Should a picture appear anywhere in the data, omit it and copy everything else exactly.

__MATERIAL FOR THIS EXERCISE__:
*** Begin section ***
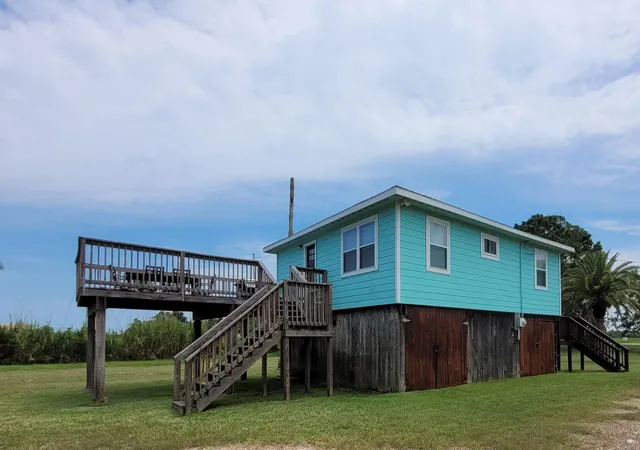 3rd image of 4139 Gum Dr, Dickinson, TX 77539 | MLS# 11838527
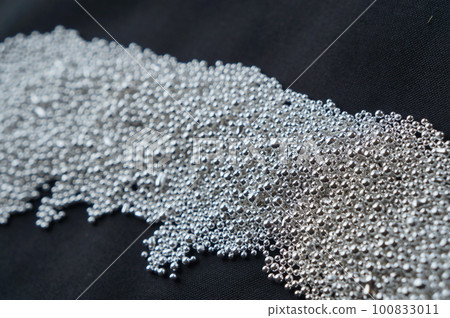 Pure silver bullion Pure silver bullion 100833011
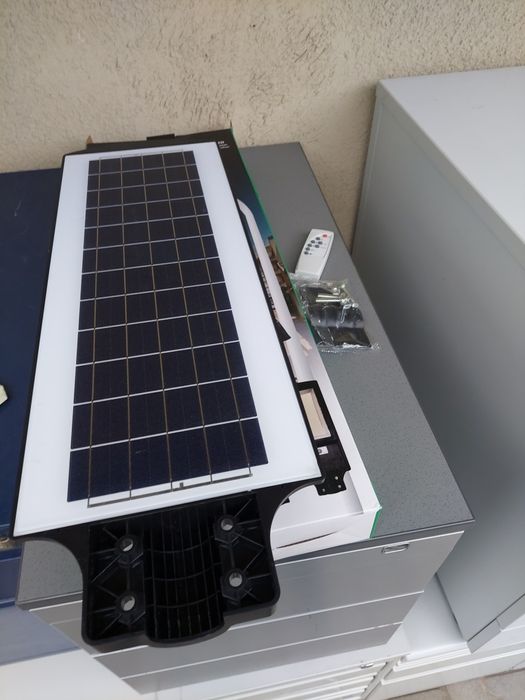 Lampa ogrodowa solarna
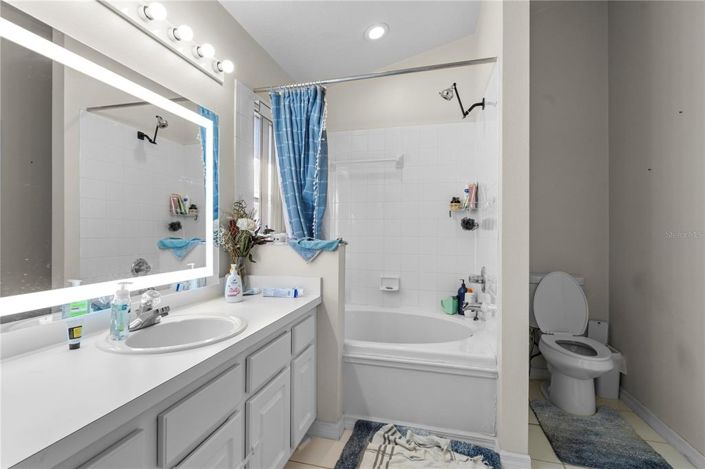 Image No.12-4 Bed Property for sale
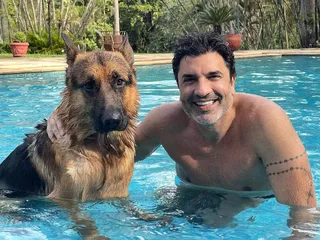 Assessoria de imprensa atualiza estado de saúde de Edu Guedes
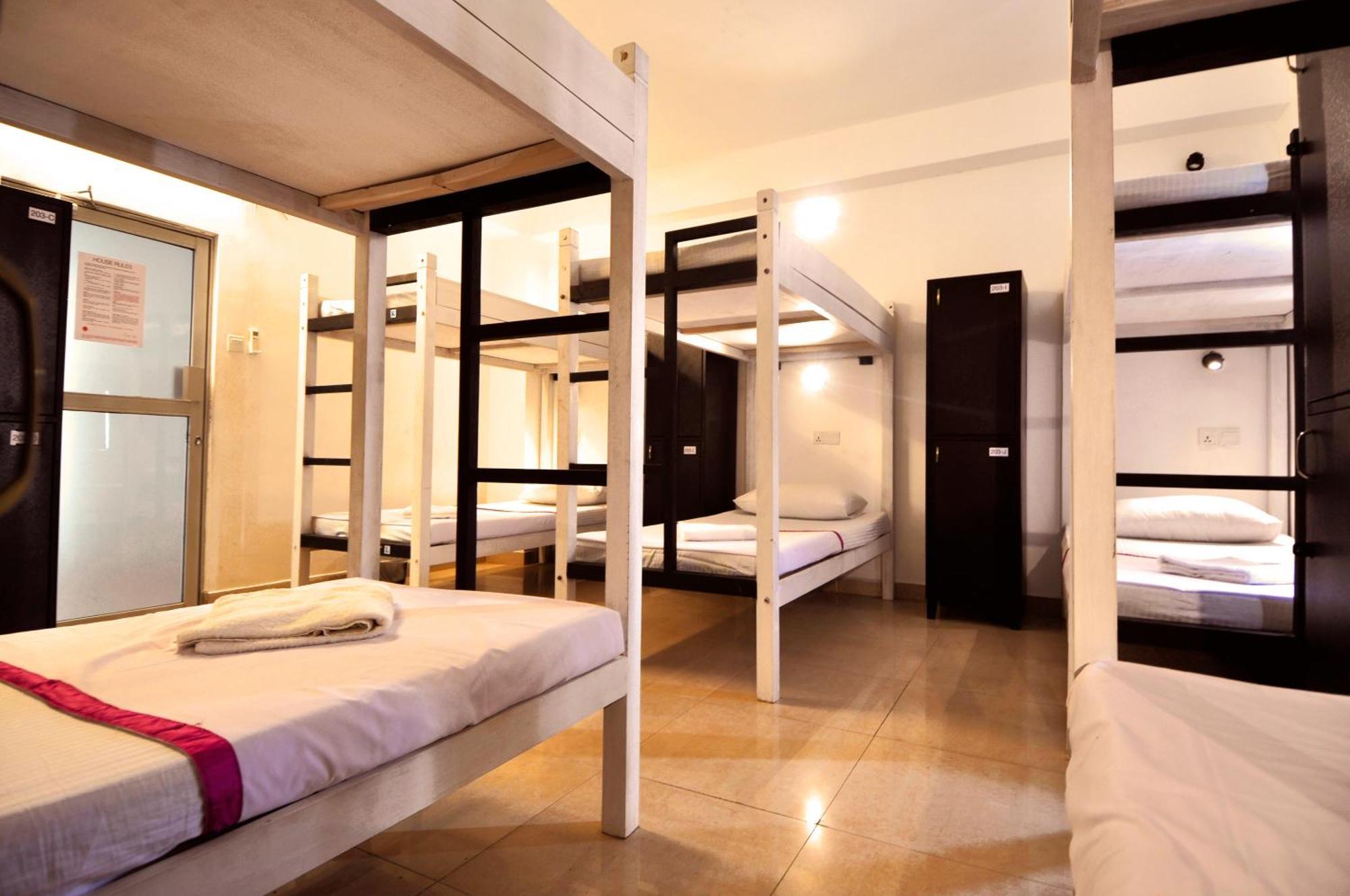 Cama Individual en habitación compartida femenina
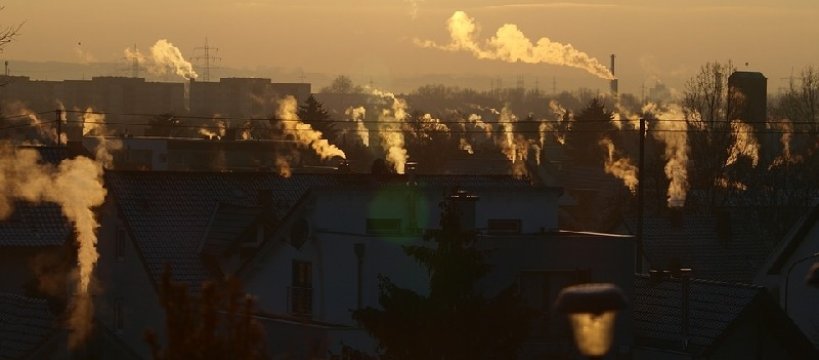Policja sprawdzi czym palimy w piecach - urząd walczy o lepsze powietrze 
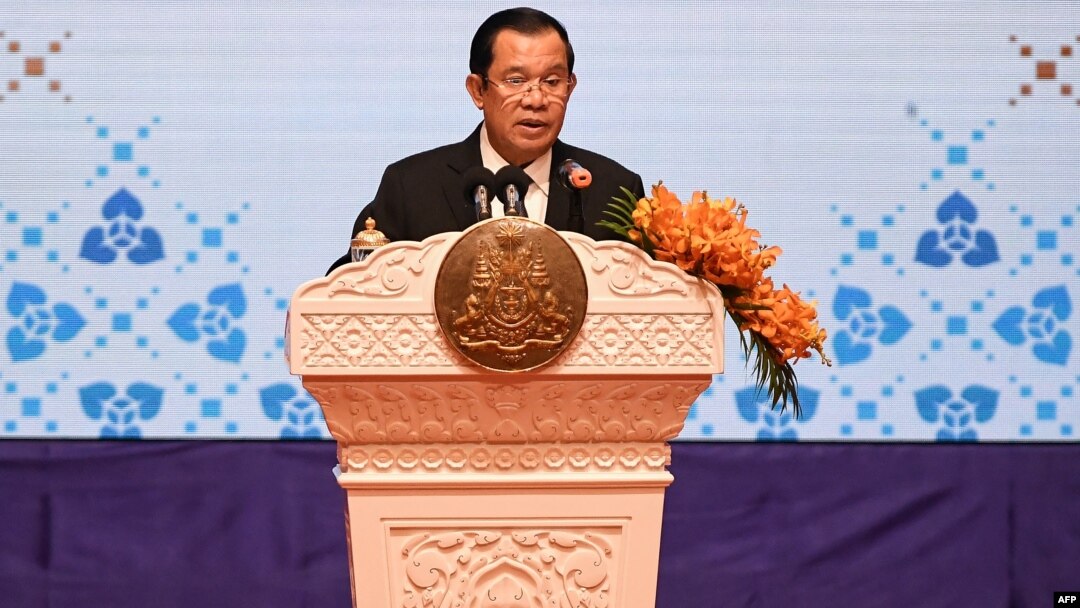 ကမ္ဘောဒီးယားဝန်ကြီးချုပ်ဟွန်ဆန် က ဖနွမ်းပင်မြို့မှာ ကျင်းပတဲ့ ၅၅ ကြိမ်မြောက် အာဆီယံ နိုင်ငံခြားရေးဝန်ကြီးများအစည်းအဝေးမှာ အလှည့်ကျဥက္ကဋ္ဌအဖြစ် အဖွင့်မိန့်ခွန်းပြောကြားစဉ်။ (သြဂုတ် ၃၊ ၂၀၂၂) 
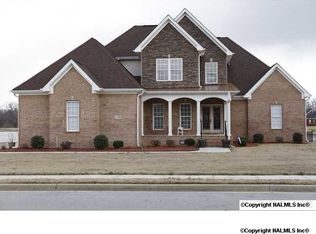 130 Riverway Ln, New Market, AL 35761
*** End section ***
__ANSWER__:
 3rd image of 4139 Gum Dr, Dickinson, TX 77539 | MLS# 11838527
 Pure silver bullion Pure silver bullion 100833011
 Lampa ogrodowa solarna
 Image No.12-4 Bed Property for sale
 Assessoria de imprensa atualiza estado de saúde de Edu Guedes
 Cama Individual en habitación compartida femenina
Policja sprawdzi czym palimy w piecach - urząd walczy o lepsze powietrze 
 ကမ္ဘောဒီးယားဝန်ကြီးချုပ်ဟွန်ဆန် က ဖနွမ်းပင်မြို့မှာ ကျင်းပတဲ့ ၅၅ ကြိမ်မြောက် အာဆီယံ နိုင်ငံခြားရေးဝန်ကြီးများအစည်းအဝေးမှာ အလှည့်ကျဥက္ကဋ္ဌအဖြစ် အဖွင့်မိန့်ခွန်းပြောကြားစဉ်။ (သြဂုတ် ၃၊ ၂၀၂၂) 
 130 Riverway Ln, New Market, AL 35761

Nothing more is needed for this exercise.